This model also borrowed from electrostatics by treating people like electrons. As the authors write:
“Pedestrians are attracted by positive charges, such as exits, and repelled by negative charges, such as other pedestrians or obstacles.”
Add to this model rules about when and where pedestrians appear, the starting points and destinations, and the relative volume of traffic from each starting point to different destinations, and you’ve got a basic model of pedestrian traffic.
Next, the authors calibrated this model by setting parameters using real-world, observational data from the train station videos: where people at each starting point were going, distance kept from walls, the distribution of walking speeds, and so on. To test their model and parameters, the authors validated it by running predictive simulations and comparing it to real-world scenarios. Based on the results, the authors suggest that this kind of model, which includes parameters based on real-world observation, more accurately represents pedestrian flow than other models of walkers that do not incorporate observational data.

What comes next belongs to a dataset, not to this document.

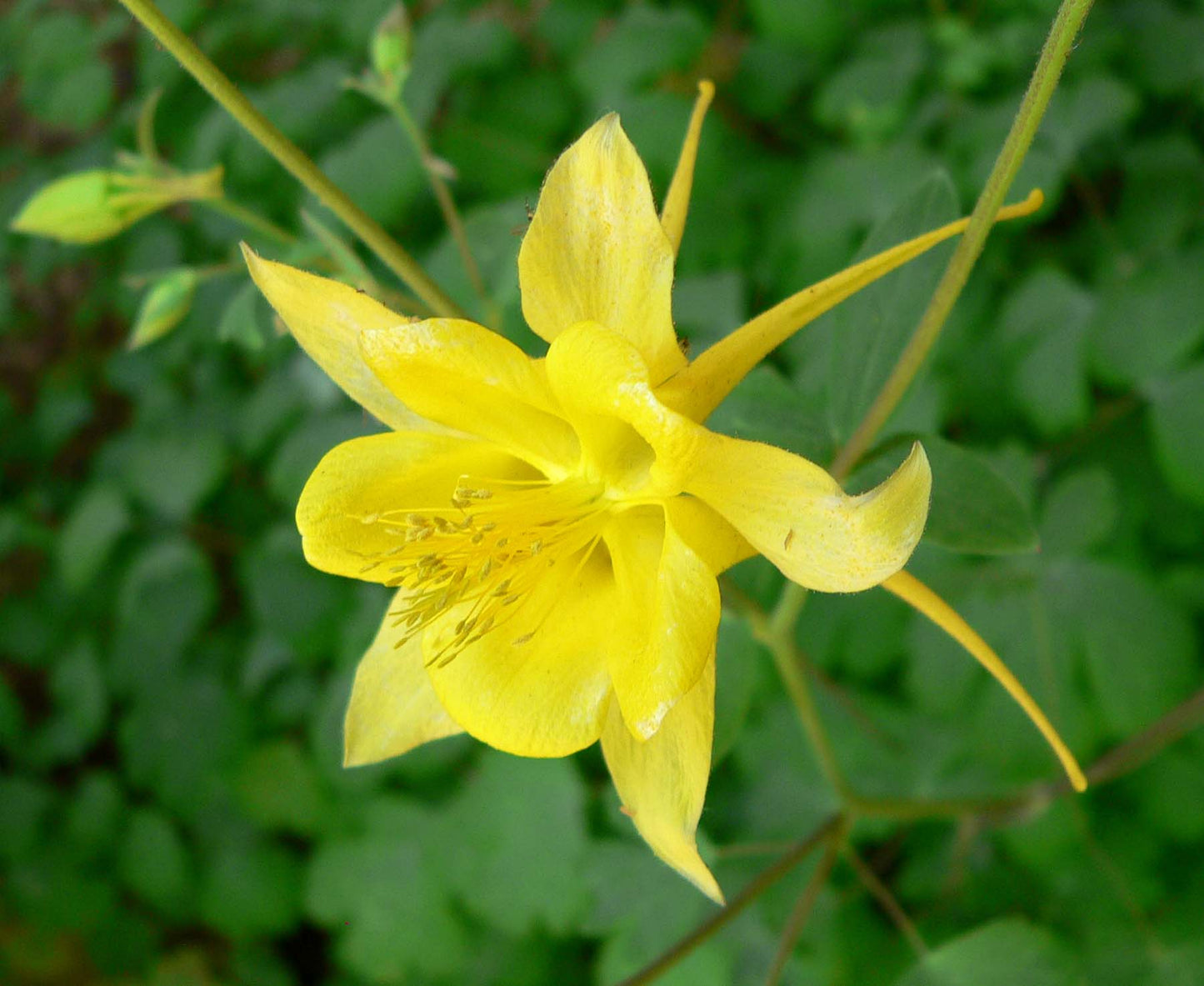 Yellow Aquilegia Flower – Perennial Flower Seeds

The authors also changed multiple parameters to determine which ones had the largest impact on the simulation. The parameter that had the largest effect when altered was the source-target distribution (the destinations of people coming from specific starting points), so the authors note that this is critical to measure accurately and precisely.
The ability to precisely predict the flow of traffic has many clear applications, from the design of buildings and public spaces to the prediction and prevention of unsafe crowd densities during large events or emergencies.
Next research question: when it’s crowded, does pushing really not make it go faster?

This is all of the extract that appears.